WORK REQUIRED –
Set down exactly the lines from the one containing "Sudadera gris de" through the end of the records below, both included, and nothing else.

Brief descriptive captions
*** Begin section ***

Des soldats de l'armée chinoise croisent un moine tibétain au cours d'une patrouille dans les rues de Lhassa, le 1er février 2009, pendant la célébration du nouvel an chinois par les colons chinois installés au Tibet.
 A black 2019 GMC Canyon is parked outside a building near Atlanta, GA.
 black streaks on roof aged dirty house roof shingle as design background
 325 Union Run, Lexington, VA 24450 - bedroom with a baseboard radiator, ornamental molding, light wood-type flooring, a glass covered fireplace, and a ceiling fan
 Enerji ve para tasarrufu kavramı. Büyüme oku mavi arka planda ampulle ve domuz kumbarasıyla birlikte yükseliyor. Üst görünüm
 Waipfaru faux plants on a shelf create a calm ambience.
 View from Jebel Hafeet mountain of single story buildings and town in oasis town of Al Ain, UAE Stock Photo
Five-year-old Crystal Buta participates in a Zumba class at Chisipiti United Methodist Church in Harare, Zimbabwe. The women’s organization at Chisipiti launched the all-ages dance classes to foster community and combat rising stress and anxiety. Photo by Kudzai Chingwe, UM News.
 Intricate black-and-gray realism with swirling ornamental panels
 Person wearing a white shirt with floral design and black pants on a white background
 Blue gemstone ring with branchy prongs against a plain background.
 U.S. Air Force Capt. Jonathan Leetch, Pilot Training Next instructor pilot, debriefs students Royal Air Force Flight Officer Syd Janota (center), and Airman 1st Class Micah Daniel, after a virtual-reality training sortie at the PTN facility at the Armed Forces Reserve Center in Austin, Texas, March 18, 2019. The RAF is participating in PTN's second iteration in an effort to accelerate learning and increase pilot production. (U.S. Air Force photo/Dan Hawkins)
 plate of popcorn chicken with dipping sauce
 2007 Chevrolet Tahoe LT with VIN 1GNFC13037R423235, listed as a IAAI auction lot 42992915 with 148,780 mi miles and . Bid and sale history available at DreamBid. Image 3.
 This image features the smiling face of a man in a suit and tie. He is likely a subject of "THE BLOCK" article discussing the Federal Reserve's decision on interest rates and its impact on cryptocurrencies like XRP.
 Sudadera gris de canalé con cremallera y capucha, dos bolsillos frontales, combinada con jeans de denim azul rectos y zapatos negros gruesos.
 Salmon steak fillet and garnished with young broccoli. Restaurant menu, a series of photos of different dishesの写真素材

*** End section ***

EXPECTED ANSWER –
 Sudadera gris de canalé con cremallera y capucha, dos bolsillos frontales, combinada con jeans de denim azul rectos y zapatos negros gruesos.
 Salmon steak fillet and garnished with young broccoli. Restaurant menu, a series of photos of different dishesの写真素材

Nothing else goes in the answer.